Description: Is there a crisis of reproducibility in psychological science? What does it mean to ask the question? What are transparent, open, and reproducible research practices? Should one implement them? How? This course will seek answers to these questions.
Students will read about recent failures in research transparency and reproducibility and discuss the ethics of open practices in scientific research. Through a series of guided exercises students will learn how to use new research tools (e.g. RStudio, Jupyter/iPython, the Open Science Framework, GitHub, command line scripting) that make it easier to implement open and reproducible research practices. At the end of the course, students will be capable of implementing one or more new research practices into their own workflows. Evaluation will be based on in-class participation, short papers, and project assignments. No prior software development experience is required, but a willingness to learn new skills is essential.

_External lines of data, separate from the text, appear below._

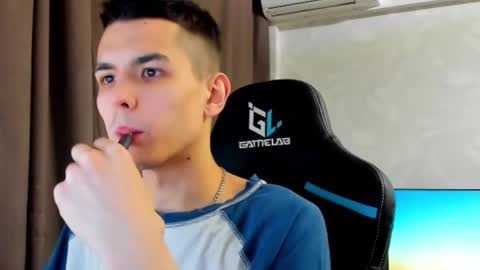 travisrivas online show from 02/19/25, 05:49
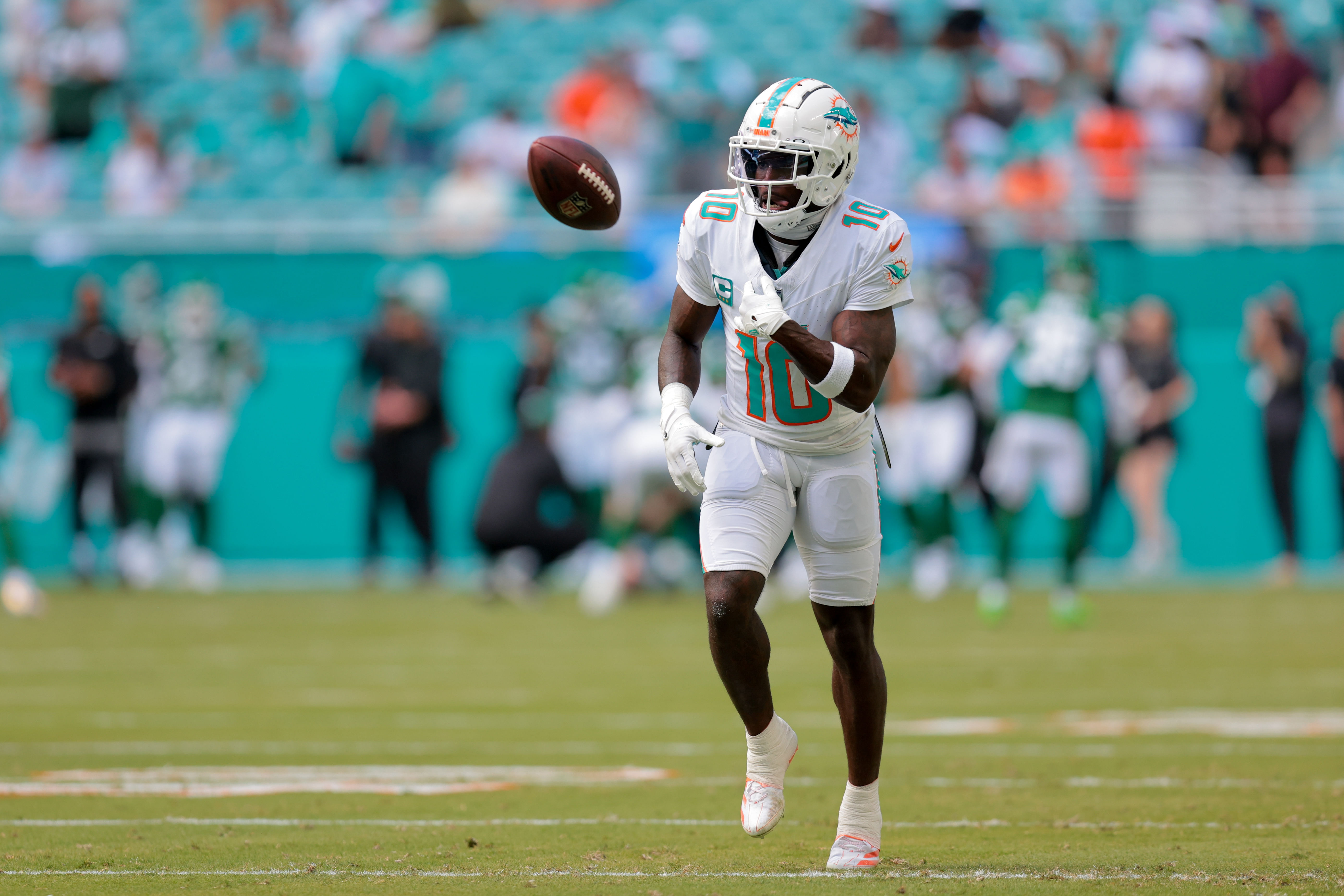 NFL: New York Jets at Miami Dolphins - Source: Imagn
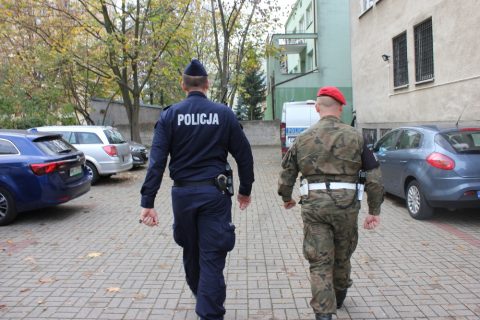 Військові можуть вийти на вулиці Польщі — на підсилення поліцейських патрулів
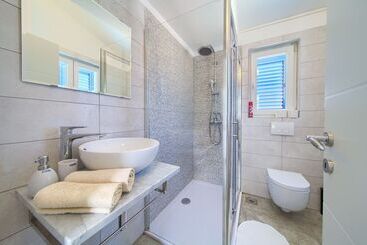 Apartments Mali Nono
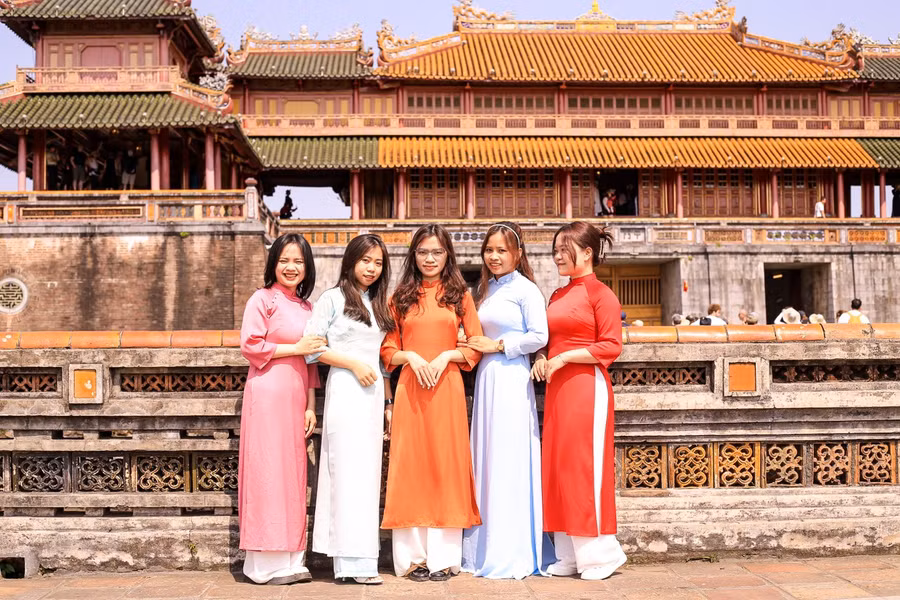 Ngày 8/3 sẽ được miễn phí vé tham quan ở các điểm di tích thuộc Quần thể di tích Cố đô Huế đối với phụ nữ mặc áo dài.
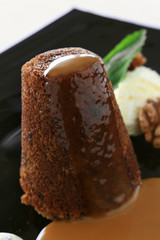 toffee sponge dessert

Please email Rick Gilmore at (rogilmore@psu.edu) if you are interested in registering for the course.
Psychology 525: Cognitive Area Graduate Seminar
Advanced Neuroimaging Analyses
Instructor: Suzy Scherf, Ph.D.
Description: This course is designed to help you understand the range of data analysis options that are currently being used to analyze fMRI, DTI, and sMRI data. You should already have a basic understanding of sMRI and fMRI data and preprocessing strategies of such data before taking this class. The central goal of the course is that you learn how these varied analysis strategies allow you to address particular hypotheses about neuroimaging data.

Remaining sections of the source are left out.